Digital Payments: Mobile POS Payments, Digital Commerce & Digital Remittances
Online Crowdfunding (equity and reward based)
Digital Investment, incl. Robo-advisors and Neobrokers
Marketplace lending (peer-to-peer platforms) for businesses & personal loans
Metasearch engines / lead-generation business models
The fintech market is rapidly evolving, with digital payments, digital investment, digital capital raising, digital assets, and neobanking emerging as some of the most significant trends. Digital payments have seen an unprecedented surge in popularity, with consumers increasingly relying on mobile payment solutions for their day-to-day transactions. Digital investment platforms are also gaining traction, with individuals seeking low-cost and easy-to-use investment options. Additionally, digital capital raising has become an attractive option for startups and SMEs, as it provides an efficient way to access funding. The rise of digital assets, such as cryptocurrencies and NFTs, has also created new opportunities for investors and traders. Finally, neobanks have disrupted the traditional banking industry by providing innovative, customer-centric solutions that cater to the needs of today's digital-savvy consumers. The growth in the fintech market is driven by several factors. Firstly, the increasing adoption of smartphones and the internet has made digital solutions more accessible to consumers, leading to a surge in demand for fintech services. Secondly, the COVID-19 pandemic has accelerated the shift towards digital payments and investments, as consumers have had to adapt to remote and contactless transactions. Thirdly, regulatory changes have enabled fintech companies to compete with traditional financial institutions on a more level playing field. Finally, advancements in technology, such as AI and blockchain, have opened up new possibilities for fintech innovation, driving further growth in the market. The fintech market is expected to continue its rapid growth trajectory, driven by ongoing technological advancements, changing consumer behavior, and regulatory support. Digital payments are likely to remain a dominant trend, as consumers increasingly prefer the convenience and speed of mobile payment solutions. Digital investment platforms are also expected to grow in popularity, as more individuals seek to manage their finances online. Additionally, the rise of digital assets and neobanking is likely to continue, as these trends reshape the financial landscape. Overall, the fintech market is expected to remain dynamic and innovative, with new solutions and services emerging to meet evolving consumer needs.
The data encompasses B2C enterprises. Figures are based on transaction values / revenues / assets under management and user data of relevant services and products offered within the FinTech market.

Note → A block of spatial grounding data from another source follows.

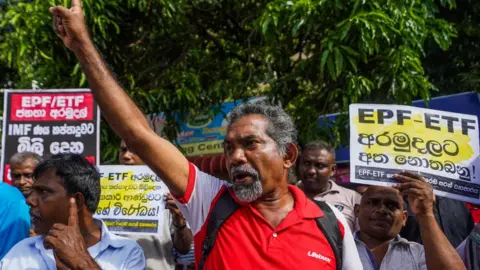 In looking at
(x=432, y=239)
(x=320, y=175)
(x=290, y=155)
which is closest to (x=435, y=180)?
(x=432, y=239)

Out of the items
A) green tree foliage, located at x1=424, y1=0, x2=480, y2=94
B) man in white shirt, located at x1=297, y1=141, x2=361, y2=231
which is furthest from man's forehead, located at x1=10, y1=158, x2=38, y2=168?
green tree foliage, located at x1=424, y1=0, x2=480, y2=94

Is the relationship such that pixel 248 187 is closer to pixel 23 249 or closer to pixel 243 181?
pixel 243 181

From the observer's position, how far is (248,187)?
2930 mm

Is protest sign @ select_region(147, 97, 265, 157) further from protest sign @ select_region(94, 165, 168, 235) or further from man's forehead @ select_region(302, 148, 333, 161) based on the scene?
protest sign @ select_region(94, 165, 168, 235)

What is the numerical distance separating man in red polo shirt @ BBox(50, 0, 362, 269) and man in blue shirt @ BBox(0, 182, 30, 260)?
1679 mm

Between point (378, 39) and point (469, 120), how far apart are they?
2.43m

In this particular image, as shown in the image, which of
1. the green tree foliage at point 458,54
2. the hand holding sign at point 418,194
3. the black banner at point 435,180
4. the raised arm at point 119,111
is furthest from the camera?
the green tree foliage at point 458,54

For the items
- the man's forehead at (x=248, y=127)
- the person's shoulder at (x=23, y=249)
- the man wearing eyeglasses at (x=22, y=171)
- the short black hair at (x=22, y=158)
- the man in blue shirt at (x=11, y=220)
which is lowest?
the person's shoulder at (x=23, y=249)

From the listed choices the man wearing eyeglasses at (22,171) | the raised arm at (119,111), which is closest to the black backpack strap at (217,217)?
the raised arm at (119,111)

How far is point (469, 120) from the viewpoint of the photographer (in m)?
4.25

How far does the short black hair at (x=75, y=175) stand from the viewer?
3.54 meters

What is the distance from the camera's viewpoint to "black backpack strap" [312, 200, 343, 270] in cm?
295

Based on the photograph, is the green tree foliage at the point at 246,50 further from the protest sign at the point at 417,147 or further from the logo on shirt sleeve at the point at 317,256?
the logo on shirt sleeve at the point at 317,256

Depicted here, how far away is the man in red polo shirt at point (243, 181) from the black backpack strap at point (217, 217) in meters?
0.02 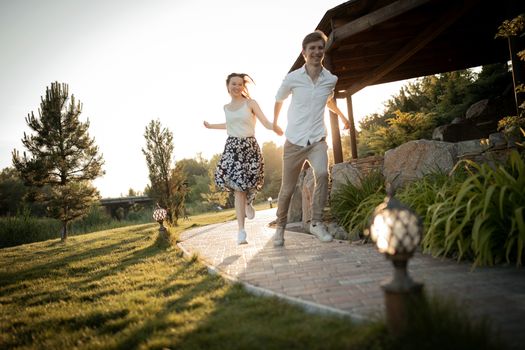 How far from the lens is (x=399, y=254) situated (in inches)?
54.6

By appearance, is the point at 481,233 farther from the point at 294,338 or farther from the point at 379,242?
the point at 294,338

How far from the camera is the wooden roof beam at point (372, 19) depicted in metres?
4.88

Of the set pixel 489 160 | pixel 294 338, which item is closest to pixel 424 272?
pixel 294 338

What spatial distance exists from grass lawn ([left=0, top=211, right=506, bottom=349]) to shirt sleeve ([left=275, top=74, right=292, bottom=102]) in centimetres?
205

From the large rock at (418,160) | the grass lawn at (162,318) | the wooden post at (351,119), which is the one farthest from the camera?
the wooden post at (351,119)

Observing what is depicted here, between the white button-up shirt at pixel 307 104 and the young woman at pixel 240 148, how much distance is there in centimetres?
63

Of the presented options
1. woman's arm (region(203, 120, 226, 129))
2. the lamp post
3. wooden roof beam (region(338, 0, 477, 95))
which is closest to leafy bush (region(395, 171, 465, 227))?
the lamp post

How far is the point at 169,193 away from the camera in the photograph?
406 inches

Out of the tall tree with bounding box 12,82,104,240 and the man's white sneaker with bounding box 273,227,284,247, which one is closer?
the man's white sneaker with bounding box 273,227,284,247

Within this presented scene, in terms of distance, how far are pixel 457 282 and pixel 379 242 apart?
3.10ft

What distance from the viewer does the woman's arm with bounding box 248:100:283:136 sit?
12.9ft

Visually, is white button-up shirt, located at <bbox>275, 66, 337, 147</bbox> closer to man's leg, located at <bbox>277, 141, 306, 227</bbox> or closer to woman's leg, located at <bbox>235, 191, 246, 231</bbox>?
man's leg, located at <bbox>277, 141, 306, 227</bbox>

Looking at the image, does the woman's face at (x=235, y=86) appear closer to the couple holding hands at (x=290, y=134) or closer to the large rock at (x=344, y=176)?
the couple holding hands at (x=290, y=134)

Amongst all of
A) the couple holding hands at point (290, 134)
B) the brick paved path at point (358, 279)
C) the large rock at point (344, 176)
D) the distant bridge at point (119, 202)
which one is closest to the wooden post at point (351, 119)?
the large rock at point (344, 176) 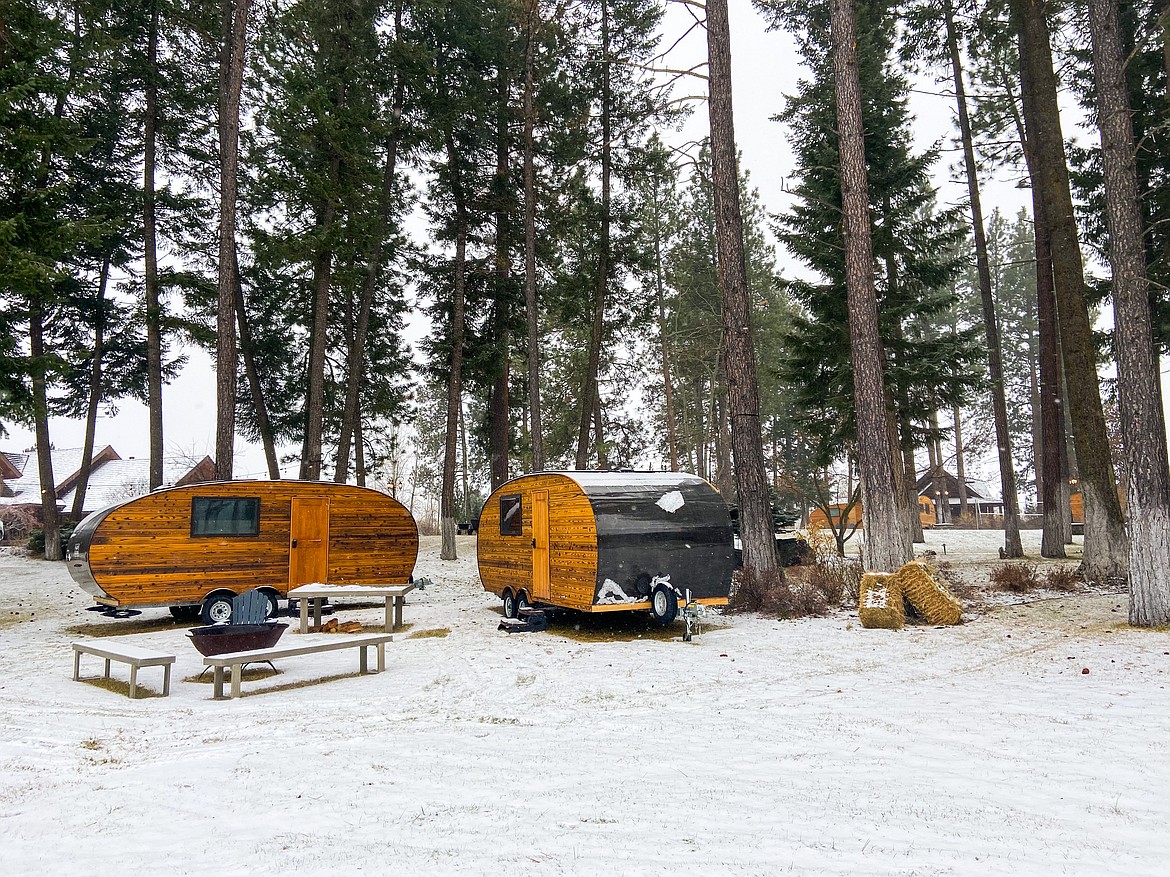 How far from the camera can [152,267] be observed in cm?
1956

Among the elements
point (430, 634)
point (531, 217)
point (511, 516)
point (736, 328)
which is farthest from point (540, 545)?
point (531, 217)

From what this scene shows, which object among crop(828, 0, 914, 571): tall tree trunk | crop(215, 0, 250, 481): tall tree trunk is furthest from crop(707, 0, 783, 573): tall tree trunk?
crop(215, 0, 250, 481): tall tree trunk

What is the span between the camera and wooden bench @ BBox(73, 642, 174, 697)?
22.0 ft

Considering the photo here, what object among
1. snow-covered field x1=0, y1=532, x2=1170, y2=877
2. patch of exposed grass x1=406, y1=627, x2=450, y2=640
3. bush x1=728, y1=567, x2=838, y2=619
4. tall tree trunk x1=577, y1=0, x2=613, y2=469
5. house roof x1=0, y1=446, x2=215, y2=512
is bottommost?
patch of exposed grass x1=406, y1=627, x2=450, y2=640

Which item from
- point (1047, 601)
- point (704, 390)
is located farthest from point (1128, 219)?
point (704, 390)

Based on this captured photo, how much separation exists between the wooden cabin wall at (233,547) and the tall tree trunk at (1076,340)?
1227 cm

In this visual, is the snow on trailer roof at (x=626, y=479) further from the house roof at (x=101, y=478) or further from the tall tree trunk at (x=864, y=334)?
the house roof at (x=101, y=478)

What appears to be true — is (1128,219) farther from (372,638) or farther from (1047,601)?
(372,638)

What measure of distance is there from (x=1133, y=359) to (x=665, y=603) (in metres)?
6.66

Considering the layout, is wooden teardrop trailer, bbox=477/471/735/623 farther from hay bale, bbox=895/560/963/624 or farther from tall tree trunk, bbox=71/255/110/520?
tall tree trunk, bbox=71/255/110/520

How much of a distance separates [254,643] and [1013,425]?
5012cm

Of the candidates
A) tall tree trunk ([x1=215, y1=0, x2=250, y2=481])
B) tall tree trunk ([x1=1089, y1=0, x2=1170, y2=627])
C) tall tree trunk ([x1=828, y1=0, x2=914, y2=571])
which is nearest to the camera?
tall tree trunk ([x1=1089, y1=0, x2=1170, y2=627])

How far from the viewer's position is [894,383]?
16453 millimetres

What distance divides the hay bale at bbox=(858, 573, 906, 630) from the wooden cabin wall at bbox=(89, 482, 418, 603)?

Modeling approach / Market size:
Market sizes are determined through a combined top-down and bottom-up approach, building on a specific rationale for each market segment. As a basis for evaluating markets, we use annual financial reports of key players, industry reports, third-party reports, publicly available databases, and survey results from primary research (e.g., the Statista Global Consumer Survey). In addition, we use relevant key market indicators and data from country-specific associations, such as GDP, consumer spending, population, internet penetration, smartphone penetration, credit card penetration, and online banking penetration. This data helps us estimate the market size for each country individually.

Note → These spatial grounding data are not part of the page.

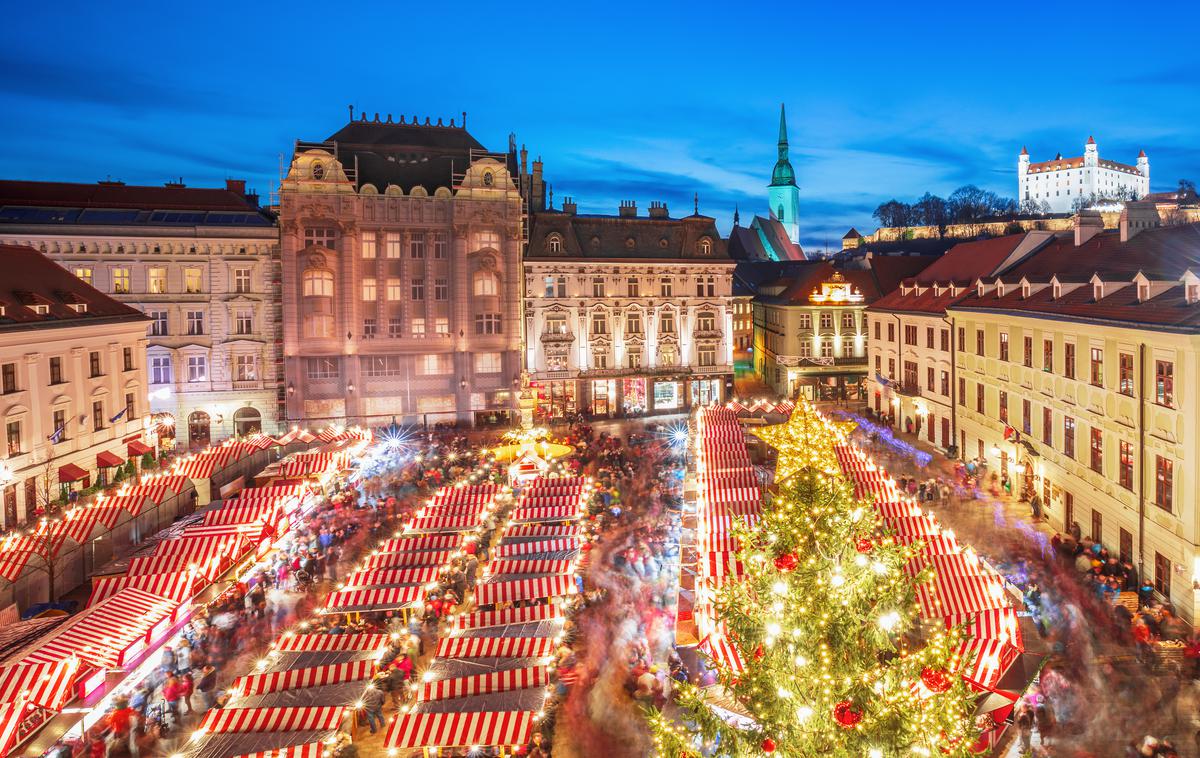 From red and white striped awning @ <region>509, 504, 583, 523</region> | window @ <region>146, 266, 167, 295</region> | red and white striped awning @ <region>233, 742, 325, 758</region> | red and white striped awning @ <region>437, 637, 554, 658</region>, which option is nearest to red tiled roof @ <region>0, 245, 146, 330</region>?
window @ <region>146, 266, 167, 295</region>

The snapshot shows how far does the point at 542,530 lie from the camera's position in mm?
24375

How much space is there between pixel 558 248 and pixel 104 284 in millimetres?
27679

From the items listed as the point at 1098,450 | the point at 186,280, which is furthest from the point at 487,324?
the point at 1098,450

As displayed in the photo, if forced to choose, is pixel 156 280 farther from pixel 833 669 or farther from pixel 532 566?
pixel 833 669

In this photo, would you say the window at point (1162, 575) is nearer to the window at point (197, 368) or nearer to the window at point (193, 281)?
the window at point (197, 368)

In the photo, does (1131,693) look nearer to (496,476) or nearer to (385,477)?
(496,476)

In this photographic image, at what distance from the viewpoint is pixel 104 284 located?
46.1 meters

In our forecasts, we apply diverse forecasting techniques. The selection of forecasting techniques is based on the behavior of the relevant market. For example, the S-curve function and exponential trend smoothing are well suited for forecasting digital products and services due to the non-linear growth of technology adoption.
The market is updated twice a year in case market dynamics change. The impact of the COVID-19 pandemic and the Russia-Ukraine war is considered at a country-specific level.